- McDonald House
- U.S. National Register of Historic Places
- Location: 3½ miles west of Winterset off Iowa Highway 92
- Coordinates: 41°21′32″N 94°05′31″W﻿ / ﻿41.35889°N 94.09194°W
- Area: less than one acre
- Built: 1875
- Built by: David Harris
- MPS: Legacy in Stone: The Settlement Era of Madison County, Iowa TR
- NRHP reference No.: 87001676
- Added to NRHP: March 18, 1993

= McDonald House (Winterset, Iowa) =

Historic house in Iowa, United States

The McDonald House is a historic residence located west of Winterset, Iowa, United States. William and Barbara McDonald settled in Madison County during the Civil War, and bought this farm in the 1870s.

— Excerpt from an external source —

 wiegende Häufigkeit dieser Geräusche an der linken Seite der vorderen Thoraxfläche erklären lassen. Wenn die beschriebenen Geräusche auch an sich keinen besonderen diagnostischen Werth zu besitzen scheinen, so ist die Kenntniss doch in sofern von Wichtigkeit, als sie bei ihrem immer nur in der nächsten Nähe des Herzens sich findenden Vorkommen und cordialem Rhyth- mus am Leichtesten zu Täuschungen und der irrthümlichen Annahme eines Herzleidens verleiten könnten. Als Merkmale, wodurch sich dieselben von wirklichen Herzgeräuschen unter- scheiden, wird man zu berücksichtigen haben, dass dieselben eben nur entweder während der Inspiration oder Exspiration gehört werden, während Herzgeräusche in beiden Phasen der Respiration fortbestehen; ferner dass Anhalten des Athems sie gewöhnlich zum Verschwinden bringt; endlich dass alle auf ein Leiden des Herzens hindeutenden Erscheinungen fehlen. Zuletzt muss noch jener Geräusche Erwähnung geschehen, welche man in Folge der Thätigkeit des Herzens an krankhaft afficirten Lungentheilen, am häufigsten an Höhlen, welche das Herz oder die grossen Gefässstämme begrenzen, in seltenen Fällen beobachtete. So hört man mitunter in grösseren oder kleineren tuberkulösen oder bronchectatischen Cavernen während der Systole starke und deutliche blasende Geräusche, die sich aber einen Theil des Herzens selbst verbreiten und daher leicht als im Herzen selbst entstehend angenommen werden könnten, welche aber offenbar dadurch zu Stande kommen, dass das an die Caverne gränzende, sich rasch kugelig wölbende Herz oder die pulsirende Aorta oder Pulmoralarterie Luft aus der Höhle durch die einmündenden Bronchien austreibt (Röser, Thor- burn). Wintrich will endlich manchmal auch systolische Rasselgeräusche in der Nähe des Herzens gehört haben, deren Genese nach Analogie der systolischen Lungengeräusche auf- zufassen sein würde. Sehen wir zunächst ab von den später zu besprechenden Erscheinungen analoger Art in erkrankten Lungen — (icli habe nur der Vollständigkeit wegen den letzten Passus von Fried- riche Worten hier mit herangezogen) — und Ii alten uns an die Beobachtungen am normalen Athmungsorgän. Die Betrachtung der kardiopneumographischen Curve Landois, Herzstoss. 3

Although not as early as others in the county, this house is a good example of a vernacular limestone farmhouse. This 1½-story structure is composed of locally quarried stone. Its construction is attributed to David Harris, who was one of the last stonemasons still working in the county when this was built. It follows an asymmetrical massed rectangular plan, and it is built on a slightly raised basement. It features two-against-one broken bond, and textured stone characteristic of Harris' work. The house was listed on the National Register of Historic Places in 1993.